### Instructions for the task:
Your answer should consist only of the records, copied exactly, with the images removed.

Recorded data
========
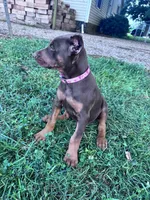 Darla, a female Doberman Pinscher for sale in Hopkinsville, KY – 4 of 6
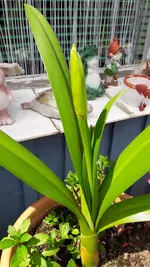 garten 010.webp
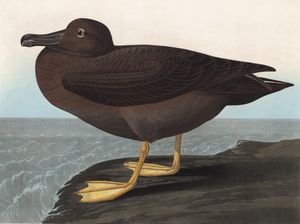 Dusky Albatross Bird Vintage Illustrations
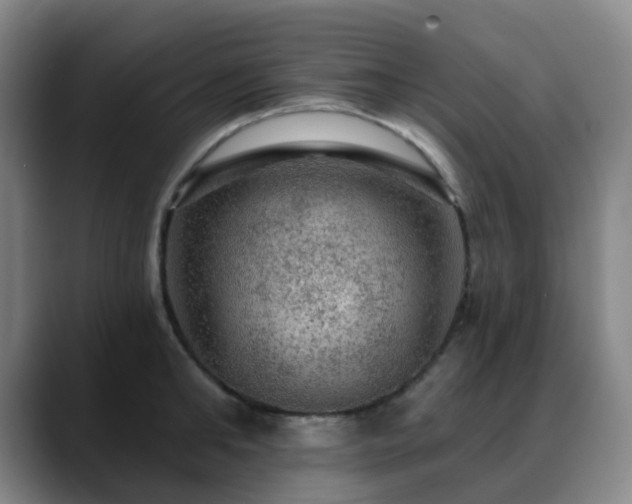 X0000088870902200706151751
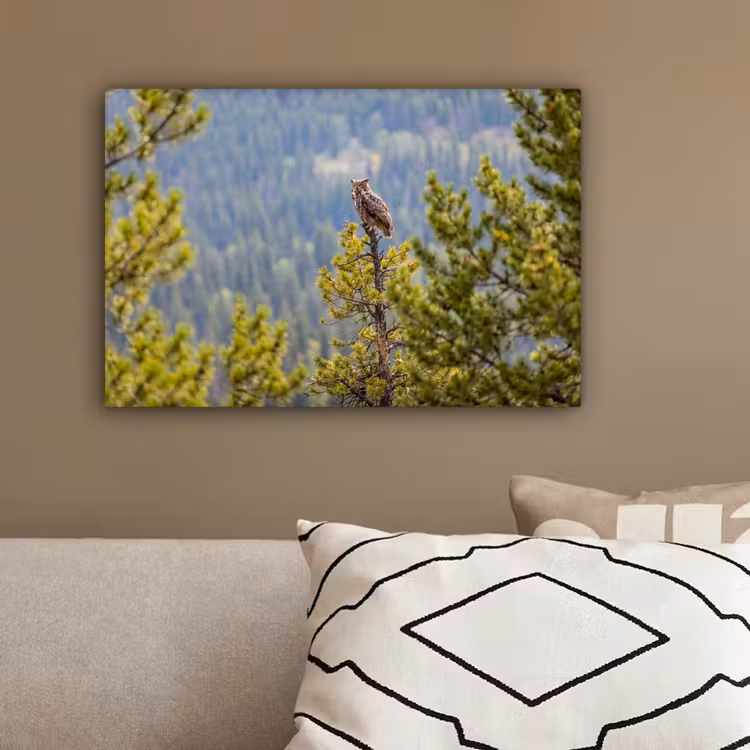 Uil - Oehoe - Bomen - Natuur canvas 2cm klein -sfeer3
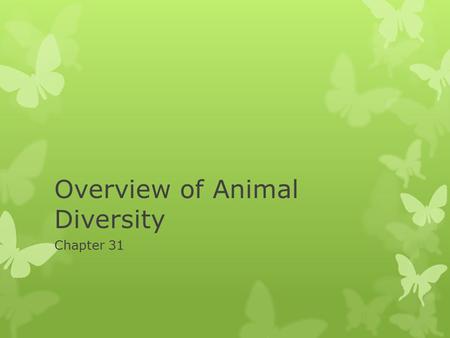 Overview of Animal Diversity Chapter 31. Quick 9 minute Overview I will explain in detail as the presentation goes on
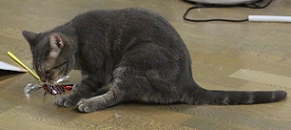 5DA_6618-14.jpg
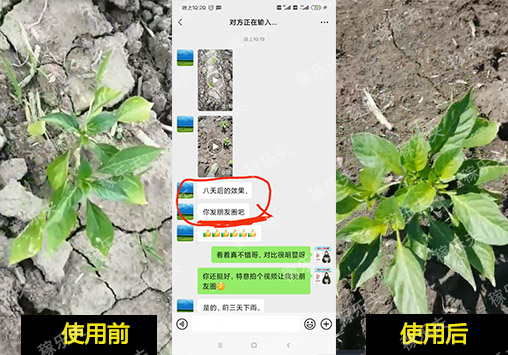 辣椒苗长势不好怎么办?辣椒用什么肥料能改善?
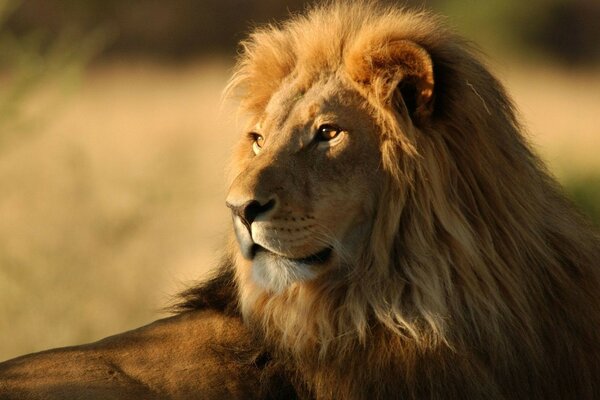 A big Lion in the middle of the savannah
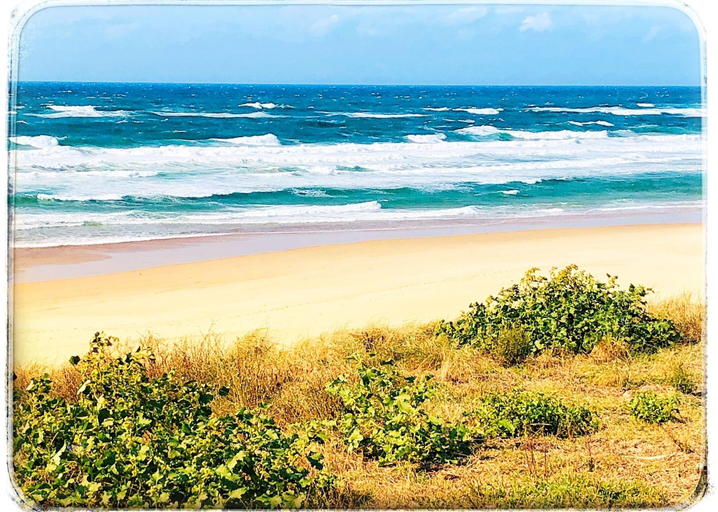 Others 5, Au Clair Des Landes, Landes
========
### Solution for this exercise:
 Darla, a female Doberman Pinscher for sale in Hopkinsville, KY – 4 of 6
 garten 010.webp
 Dusky Albatross Bird Vintage Illustrations
 X0000088870902200706151751
 Uil - Oehoe - Bomen - Natuur canvas 2cm klein -sfeer3
 Overview of Animal Diversity Chapter 31. Quick 9 minute Overview I will explain in detail as the presentation goes on
 5DA_6618-14.jpg
 辣椒苗长势不好怎么办?辣椒用什么肥料能改善?
 A big Lion in the middle of the savannah
 Others 5, Au Clair Des Landes, Landes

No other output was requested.